Your goal:
Search the data below for the line containing "Well maintained 3", then please set down that line and all remaining ones exactly as written.

Records supplied: Begin

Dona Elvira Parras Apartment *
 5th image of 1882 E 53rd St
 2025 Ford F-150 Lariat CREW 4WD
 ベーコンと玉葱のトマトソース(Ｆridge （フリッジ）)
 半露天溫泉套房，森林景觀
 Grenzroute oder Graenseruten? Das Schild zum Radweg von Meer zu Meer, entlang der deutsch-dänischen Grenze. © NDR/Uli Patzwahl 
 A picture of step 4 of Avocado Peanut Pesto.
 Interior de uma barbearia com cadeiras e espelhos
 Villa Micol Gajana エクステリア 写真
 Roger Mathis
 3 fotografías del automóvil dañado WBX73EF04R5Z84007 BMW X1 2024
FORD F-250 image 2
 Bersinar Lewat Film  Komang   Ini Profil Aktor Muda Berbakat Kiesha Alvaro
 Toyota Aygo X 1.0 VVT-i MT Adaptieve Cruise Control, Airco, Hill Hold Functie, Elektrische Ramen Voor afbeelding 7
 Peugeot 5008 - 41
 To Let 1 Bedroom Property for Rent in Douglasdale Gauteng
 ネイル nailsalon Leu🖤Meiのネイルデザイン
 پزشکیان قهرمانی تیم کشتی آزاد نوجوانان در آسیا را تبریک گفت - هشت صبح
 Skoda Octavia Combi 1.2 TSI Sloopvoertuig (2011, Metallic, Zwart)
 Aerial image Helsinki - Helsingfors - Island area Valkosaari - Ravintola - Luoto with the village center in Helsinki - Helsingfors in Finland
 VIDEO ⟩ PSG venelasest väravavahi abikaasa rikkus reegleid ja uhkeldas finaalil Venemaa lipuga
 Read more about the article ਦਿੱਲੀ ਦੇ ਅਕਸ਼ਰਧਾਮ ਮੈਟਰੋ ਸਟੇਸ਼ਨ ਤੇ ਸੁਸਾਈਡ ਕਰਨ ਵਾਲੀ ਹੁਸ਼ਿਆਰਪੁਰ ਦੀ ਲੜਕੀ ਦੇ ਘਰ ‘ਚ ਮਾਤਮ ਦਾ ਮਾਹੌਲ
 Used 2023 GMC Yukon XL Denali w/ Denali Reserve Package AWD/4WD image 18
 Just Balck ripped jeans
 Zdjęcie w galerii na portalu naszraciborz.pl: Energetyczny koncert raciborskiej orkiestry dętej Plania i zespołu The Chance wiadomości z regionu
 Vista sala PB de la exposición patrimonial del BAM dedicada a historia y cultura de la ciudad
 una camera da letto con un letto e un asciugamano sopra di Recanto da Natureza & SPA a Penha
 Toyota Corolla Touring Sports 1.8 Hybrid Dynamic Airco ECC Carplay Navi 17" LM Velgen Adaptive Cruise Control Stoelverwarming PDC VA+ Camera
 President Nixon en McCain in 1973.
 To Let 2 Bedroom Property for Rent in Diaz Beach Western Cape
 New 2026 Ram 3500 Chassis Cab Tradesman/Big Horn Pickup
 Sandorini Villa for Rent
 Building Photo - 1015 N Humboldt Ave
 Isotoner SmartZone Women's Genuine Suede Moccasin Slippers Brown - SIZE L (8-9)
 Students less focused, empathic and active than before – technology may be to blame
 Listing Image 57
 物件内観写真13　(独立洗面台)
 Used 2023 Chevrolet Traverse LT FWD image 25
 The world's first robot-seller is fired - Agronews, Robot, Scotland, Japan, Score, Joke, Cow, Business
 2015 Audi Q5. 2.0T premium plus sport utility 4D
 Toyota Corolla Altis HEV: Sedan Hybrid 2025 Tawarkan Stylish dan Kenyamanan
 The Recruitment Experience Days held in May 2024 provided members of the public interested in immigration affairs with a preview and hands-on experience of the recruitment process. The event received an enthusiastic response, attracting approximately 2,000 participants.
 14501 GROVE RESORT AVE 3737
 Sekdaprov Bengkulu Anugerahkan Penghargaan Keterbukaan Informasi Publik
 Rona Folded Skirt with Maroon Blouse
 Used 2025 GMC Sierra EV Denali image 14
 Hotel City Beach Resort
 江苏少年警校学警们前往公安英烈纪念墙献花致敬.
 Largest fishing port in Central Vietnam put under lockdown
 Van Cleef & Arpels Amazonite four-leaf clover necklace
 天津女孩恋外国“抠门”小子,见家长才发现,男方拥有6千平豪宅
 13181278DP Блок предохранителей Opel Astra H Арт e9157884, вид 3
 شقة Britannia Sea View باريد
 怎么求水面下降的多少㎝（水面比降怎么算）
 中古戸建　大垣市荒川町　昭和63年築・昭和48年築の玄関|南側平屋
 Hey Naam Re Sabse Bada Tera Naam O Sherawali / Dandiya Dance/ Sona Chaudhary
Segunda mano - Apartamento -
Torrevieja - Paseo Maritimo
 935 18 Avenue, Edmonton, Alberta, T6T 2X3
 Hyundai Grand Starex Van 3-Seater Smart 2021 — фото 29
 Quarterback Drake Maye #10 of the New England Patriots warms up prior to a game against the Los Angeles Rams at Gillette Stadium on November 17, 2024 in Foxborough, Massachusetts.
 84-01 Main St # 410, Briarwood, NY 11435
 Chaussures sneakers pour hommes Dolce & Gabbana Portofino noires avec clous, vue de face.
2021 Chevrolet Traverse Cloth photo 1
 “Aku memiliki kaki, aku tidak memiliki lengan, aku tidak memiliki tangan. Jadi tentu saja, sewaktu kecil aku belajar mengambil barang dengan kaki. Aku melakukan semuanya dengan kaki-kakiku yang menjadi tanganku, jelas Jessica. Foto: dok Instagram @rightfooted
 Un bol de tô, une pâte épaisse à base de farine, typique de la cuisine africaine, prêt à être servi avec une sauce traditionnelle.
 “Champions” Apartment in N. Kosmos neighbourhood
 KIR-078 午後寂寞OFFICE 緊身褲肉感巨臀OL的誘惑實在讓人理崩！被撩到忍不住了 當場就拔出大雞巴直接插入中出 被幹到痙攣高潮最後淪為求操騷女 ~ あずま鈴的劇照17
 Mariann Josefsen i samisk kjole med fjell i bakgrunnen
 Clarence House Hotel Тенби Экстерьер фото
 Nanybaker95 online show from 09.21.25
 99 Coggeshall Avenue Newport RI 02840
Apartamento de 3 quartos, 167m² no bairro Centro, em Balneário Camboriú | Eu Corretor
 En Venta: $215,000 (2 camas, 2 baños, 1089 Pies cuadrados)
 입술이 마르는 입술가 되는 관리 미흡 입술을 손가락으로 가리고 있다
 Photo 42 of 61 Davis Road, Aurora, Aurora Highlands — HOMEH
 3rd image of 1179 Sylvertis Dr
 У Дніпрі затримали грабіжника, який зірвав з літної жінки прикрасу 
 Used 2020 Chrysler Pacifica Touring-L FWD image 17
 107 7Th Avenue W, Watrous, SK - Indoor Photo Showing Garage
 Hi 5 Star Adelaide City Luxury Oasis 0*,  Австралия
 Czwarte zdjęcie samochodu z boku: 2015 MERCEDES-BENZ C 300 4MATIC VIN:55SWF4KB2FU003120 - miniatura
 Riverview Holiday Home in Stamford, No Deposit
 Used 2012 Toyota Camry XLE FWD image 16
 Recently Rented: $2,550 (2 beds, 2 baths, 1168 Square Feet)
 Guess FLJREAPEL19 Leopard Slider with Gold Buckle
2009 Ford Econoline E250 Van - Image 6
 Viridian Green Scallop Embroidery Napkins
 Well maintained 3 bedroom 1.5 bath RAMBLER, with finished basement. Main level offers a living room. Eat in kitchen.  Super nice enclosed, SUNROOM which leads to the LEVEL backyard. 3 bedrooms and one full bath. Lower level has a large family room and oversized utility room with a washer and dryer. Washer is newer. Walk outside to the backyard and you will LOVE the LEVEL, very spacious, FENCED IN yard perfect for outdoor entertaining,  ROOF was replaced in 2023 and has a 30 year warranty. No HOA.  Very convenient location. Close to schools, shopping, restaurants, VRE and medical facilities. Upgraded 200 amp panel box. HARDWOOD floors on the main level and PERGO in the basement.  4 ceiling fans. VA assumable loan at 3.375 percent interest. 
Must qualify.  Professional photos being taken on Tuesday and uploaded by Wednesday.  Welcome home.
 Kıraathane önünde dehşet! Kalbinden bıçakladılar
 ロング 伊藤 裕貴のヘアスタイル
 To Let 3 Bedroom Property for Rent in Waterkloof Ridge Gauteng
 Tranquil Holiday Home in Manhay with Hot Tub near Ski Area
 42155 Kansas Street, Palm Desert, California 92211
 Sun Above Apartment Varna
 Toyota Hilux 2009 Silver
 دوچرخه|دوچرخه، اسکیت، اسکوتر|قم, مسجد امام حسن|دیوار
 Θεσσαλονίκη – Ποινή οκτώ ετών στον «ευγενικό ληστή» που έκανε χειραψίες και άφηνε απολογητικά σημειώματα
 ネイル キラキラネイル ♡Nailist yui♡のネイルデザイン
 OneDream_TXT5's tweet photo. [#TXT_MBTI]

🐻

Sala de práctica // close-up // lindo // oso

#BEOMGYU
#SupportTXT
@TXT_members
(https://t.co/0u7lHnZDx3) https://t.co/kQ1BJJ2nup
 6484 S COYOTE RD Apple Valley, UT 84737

Records supplied: End

Response to the exercise:
 Well maintained 3 bedroom 1.5 bath RAMBLER, with finished basement. Main level offers a living room. Eat in kitchen.  Super nice enclosed, SUNROOM which leads to the LEVEL backyard. 3 bedrooms and one full bath. Lower level has a large family room and oversized utility room with a washer and dryer. Washer is newer. Walk outside to the backyard and you will LOVE the LEVEL, very spacious, FENCED IN yard perfect for outdoor entertaining,  ROOF was replaced in 2023 and has a 30 year warranty. No HOA.  Very convenient location. Close to schools, shopping, restaurants, VRE and medical facilities. Upgraded 200 amp panel box. HARDWOOD floors on the main level and PERGO in the basement.  4 ceiling fans. VA assumable loan at 3.375 percent interest. 
Must qualify.  Professional photos being taken on Tuesday and uploaded by Wednesday.  Welcome home.
 Kıraathane önünde dehşet! Kalbinden bıçakladılar
 ロング 伊藤 裕貴のヘアスタイル
 To Let 3 Bedroom Property for Rent in Waterkloof Ridge Gauteng
 Tranquil Holiday Home in Manhay with Hot Tub near Ski Area
 42155 Kansas Street, Palm Desert, California 92211
 Sun Above Apartment Varna
 Toyota Hilux 2009 Silver
 دوچرخه|دوچرخه، اسکیت، اسکوتر|قم, مسجد امام حسن|دیوار
 Θεσσαλονίκη – Ποινή οκτώ ετών στον «ευγενικό ληστή» που έκανε χειραψίες και άφηνε απολογητικά σημειώματα
 ネイル キラキラネイル ♡Nailist yui♡のネイルデザイン
 OneDream_TXT5's tweet photo. [#TXT_MBTI]

🐻

Sala de práctica // close-up // lindo // oso

#BEOMGYU
#SupportTXT
@TXT_members
(https://t.co/0u7lHnZDx3) https://t.co/kQ1BJJ2nup
 6484 S COYOTE RD Apple Valley, UT 84737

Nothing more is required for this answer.